The Obama administration’s budget proposal for 2011 contains sweeping changes to funding for primary and secondary education. New rules would radically alter the guidelines for the distribution of funding to schools with high concentrations of low-income students, punishing students and teachers in these schools for failure to meet “college- or career-readiness” goals....
While details of the education proposal remain sketchy, the changes being pushed by Obama to what is known as Title I funding are to the right of the Bush administration’s No Child Left Behind Act (NCLB) of 2001—the law that is widely recognized by teachers and parents as an attack on education, particularly in poorer school districts...
Under Title I of the act, the US Department of Education established a set of programs to distribute funding to schools and school districts with a high percentage of students from low-income families...
Under Obama’s proposals, a significant portion of these Title I funds would be distributed to poorer districts—not on the basis of economic need, but according to their “performance.” This would in effect penalize students and teachers in schools already operating with budgets funded by lower tax bases, and where increasing numbers of families are struggling under the growing impact of the economic crisis...

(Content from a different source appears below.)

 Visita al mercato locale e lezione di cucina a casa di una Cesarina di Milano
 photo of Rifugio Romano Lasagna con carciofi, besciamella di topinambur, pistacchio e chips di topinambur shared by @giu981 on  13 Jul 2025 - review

The change is modeled on Obama’s Race to the Top (RTTT) program, which is forcing states to compete for $4.3 billion in stimulus funds. Under RTTT, states that prohibit the use of test scores in teacher evaluations are ineligible for funds. States are also rewarded for opening up more charter schools, institutions that are privately run but receive federal money at the expense of public schools...
Education Secretary Arne Duncan gave an indication of what the changes to Title I funding would mean in remarks at the Brookings Institution in Washington last May. He said, “When a school is chronically under-performing despite additional supports and other strategies, you have to consider bolder action, whether it’s changing the leadership, hiring a new staff or turning schools over to charter operators.”